Время от времени мы совершали набеги на местное кладбище с целью поживиться археологическими открытиями. Опасаясь возмездия со стороны родственников, мы выбирали древние захоронения, о которых потомки не беспокоились лет этак двести. Можно сказать, что мы восстанавливали связь поколений, но лучше об этом промолчать. Потому что потомки – люди скользкие. Сегодня им наплевать на свою прапрабабушку, а завтра они требуют вернуть ее побрякушки. Поэтому материальные ценности с опознавательными знаками мы оставляли на месте раскопок. А все остальное национализировали и продавали в собственной антикварной лавке. Особенно бойко шла торговля древними рукописями, как целыми, так и старательно подпорченными. Одни манускрипты сшивались, другие резались. На три, на четыре части – в точности по количеству покупателей, желающих приобрести, например, «Описание Эллады» или «Беседы Эпиктета». Стыдно признаться, «Сатирикон» Петрония Арбитра мы разделили на сорок частей, и вряд ли когда-нибудь он будет восстановлен в прежнем виде.

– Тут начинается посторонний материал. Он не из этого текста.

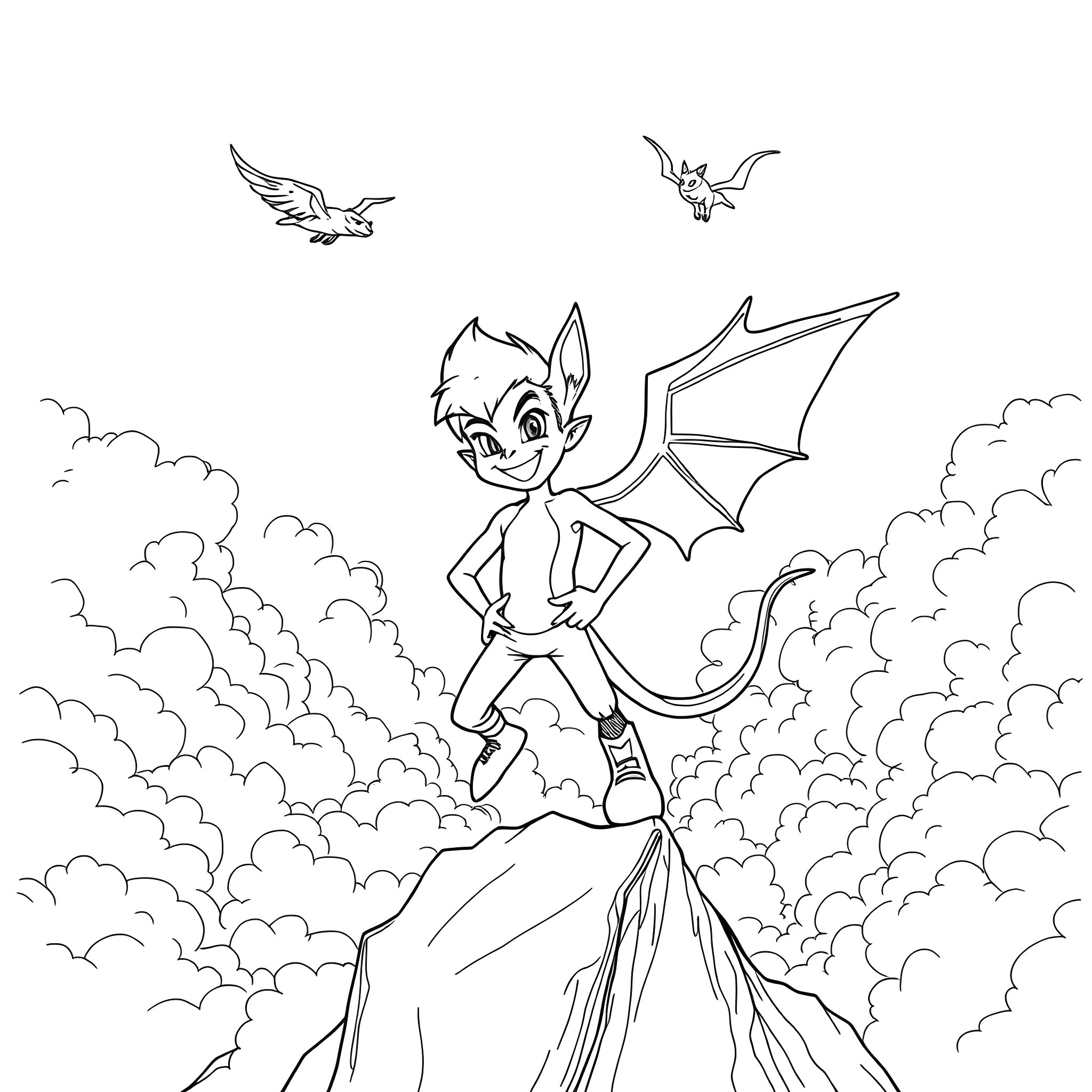 Remy Lebeau in a cloudy sky with winged creatures Coloring Page (free black-and-white line drawing printable PDF for all, from beginners to advanced learners, including children, teens, adults, and seniors)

«Кабы попался ты нам на такие же плутни, трактирщик: Воду даешь ты, а сам – чистое тянешь вино».
Одну главу мы продали Корнелию Тегету… В Помпеях этот предприимчивый «меценат» построил уже несколько popinae, то есть целую сеть кабаков среднего пошиба. Как поговаривали, достаток Корнелия Тегета зиждился на махинациях со спиртными напитками. Поэтому я подумал, что наш разбавленный «Сатирикон» придется ему по вкусу…
В десять часов ровно, как показывали солнечные часы на доме Евмахии, я отворил дверь в харчевню Корнелия Тегета на улице Изобилия. Но вместо запаха кислой капусты на меня обрушилась поперечная балка, откуда-то сверху.

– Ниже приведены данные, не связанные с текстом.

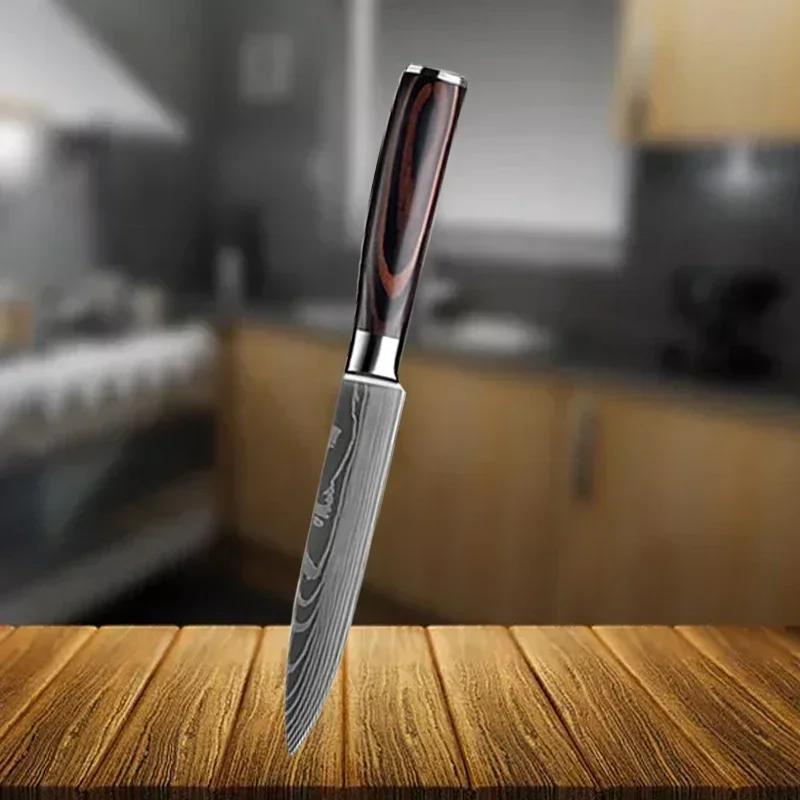 Stainless Steel Kitchen Knife Set Professional Japanese Chef's Knife Fruit Slicing Santoku Knife Damascus Laser Cooking Knife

– Будь она неладна! – воскликнул Корнелий Тегет, вытаскивая меня из груды мусора. – Третий раз прибиваем. Обустраиваемся. Зато посмотри – какая красота вокруг! Ин-терь-ер!
Я, слегка приплюснутый, озирался по сторонам в надежде разглядеть свою смерть, прежде чем она свалится мне на голову в виде какого-нибудь кирпича.

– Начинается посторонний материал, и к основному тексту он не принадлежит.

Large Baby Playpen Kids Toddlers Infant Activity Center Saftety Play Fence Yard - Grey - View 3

– А ты заметил, – поинтересовался Корнелий Тегет, – что поперечная балка всегда падает плашмя, а продольная – протыкает насквозь! Правило первое – не стой под Атлантом, а то промокнешь.
Тут Корнелий Тегет стал потрясать брюхом, и я догадался, что последняя его фраза была шуткой, а танец живота – смехом.
– Приступим, – предложил неугомонный Корнелий Тегет, – к осмотру помещения. Вначале познакомься с моими мальчиками.
И принялся хлопать по каждому из шести деревянных фаллосов, размещенных при входе, поименно их представляя: «Шкряга», «Шняга», «Каркалыга», «Шнырь», «Шмыга» и «Панта рей». Меня чуть не вытошнило на всех разом, до того натурально они выглядели.
– Это называется – фаллозаборник! – добавил Тегет, весьма довольный своими филологическими изысканиями. – Иначе говоря, раздевалка. Тут посетители будут оставлять свою верхнюю одежду. Пойдем дальше…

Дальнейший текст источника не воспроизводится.